1.7 Quality Monitoring
- This assignment will be monitored by a working committee comprising of the Norwegian Red Cross and Somalia Red Crescent Society
- The consultant will conduct briefings to the working committee before starting the assignment to discuss expectations.
- The consultant will organize regular progress calls/meetings with Norcross to provide updates on activities and progress.
The technical consultant/consulting firm is expected to sign a contract with Norcross around 1st March 2023. The implementation of the assignment is expected to be finalized no later than the end of September 2023.
Consultant’s input days:
1 Day Inception meeting
1 days Review of the assessment report
4 Days Interpreting the recommendations of the assessment report into technical specifications (for equipment and fittings) and BoQs for construction.
1 Day Review of the draft Tender documents (for equipment and procurement of works)
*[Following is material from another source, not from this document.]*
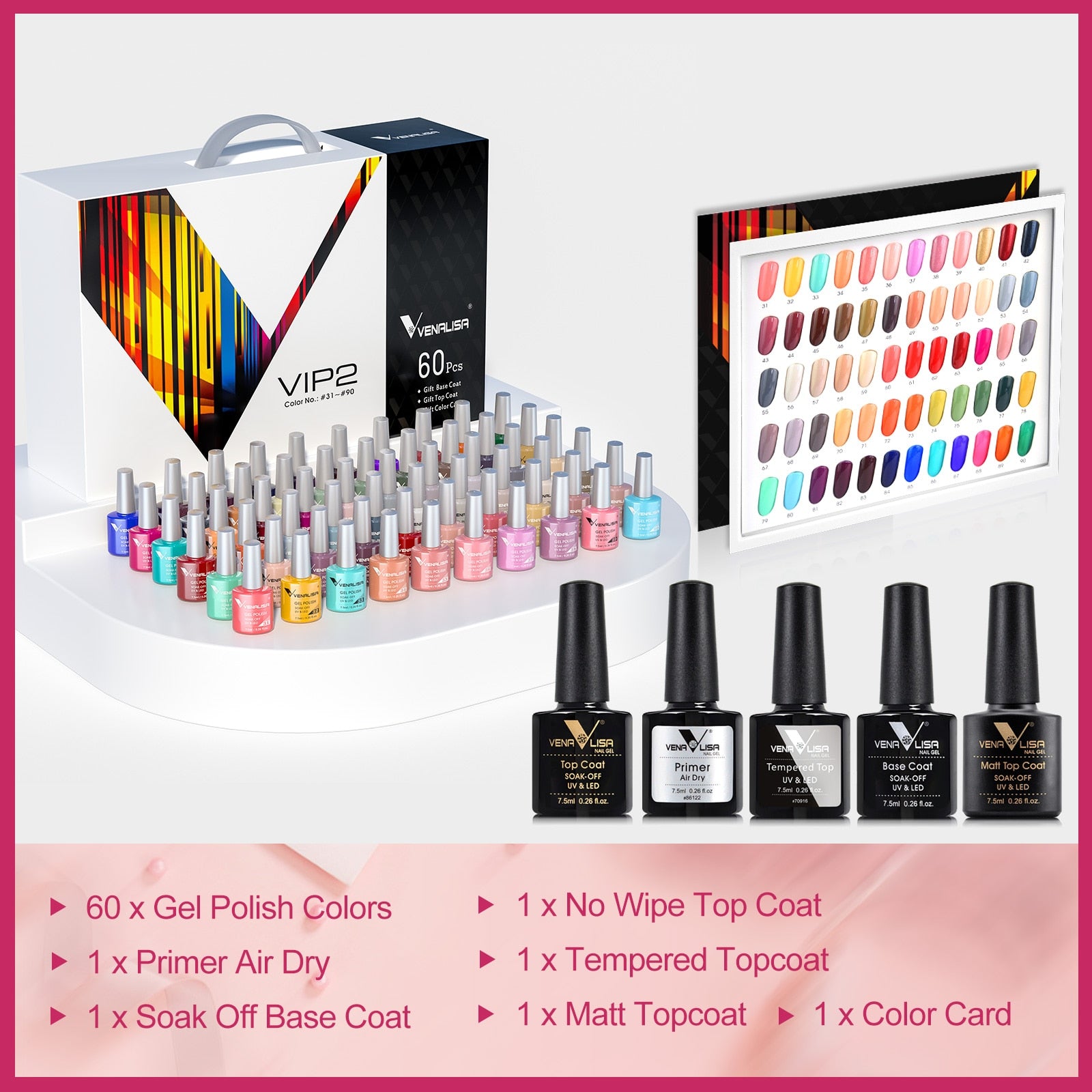 New 60 Fashion Color Venalisa Gel Polish Varnish Color Gel Polish For Nail Art Design Nail Gel Nail Salon Used Nail Gel Kit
2 days technical bid evaluation
6 days Development of maintenance guidance materials in consultation with contractors and support associated trainings to clinic staff.
10 days Supervision/monitoring of works, preparation of progress and completion reports and project handover as well as project review meeting.
1.9 Profile of the consultant
A Consultant/Expert with the following profile will carry out the assessment:
- Advanced University degree in Public Health Engineering or related discipline
- Proven previous experience in humanitarian contexts implementing WASH and greening infrastructure rehabilitation.
- A high level of organizational and coordination skills and willing to travel to and stay in various parts of Somalia.
- At least 5 years of field experience in developing countries.
- Excellent report writing, communication and presentation skills.
- Understanding of regional context is desirable.
- Fluency in English. Working proficiency of Somali is an asset.
SOMALIA COUNTRY BRIEF.docx (sharepoint.com)
SOMALIA COUNTRY BRIEF.docx (sharepoint.com)
Partnership Memo Somali Red Crescent Society 09012017.docx (sharepoint.com)
Scoping Study of WASH in Schools (WinS) Programming in Eastern and Southern Africa
 Greening health systems, Expert Meeting Report, August 2013 World Health Organisation
 The 8 healthcare facilities include 7 SRCS clinics and 1 physical rehabilitation center in Mudug region
How to apply
Proposals from bidders should be submitted in two distinct parts, namely technical proposal and financial proposal and these should be in two separate folders, both of which should then be sent via email
PRF11458 – Consultancy Services for the Implementation of Water, Sanitation, and Hygiene (WASH) and Environmental Impact Assessment in Eight Health Facilities (HFs) in Mudug Region, Somalia.
The two separate inner envelopes should be clearly marked “Technical Proposal”, and “Financial Proposal”, respectively, and should bear the name of the Bidder.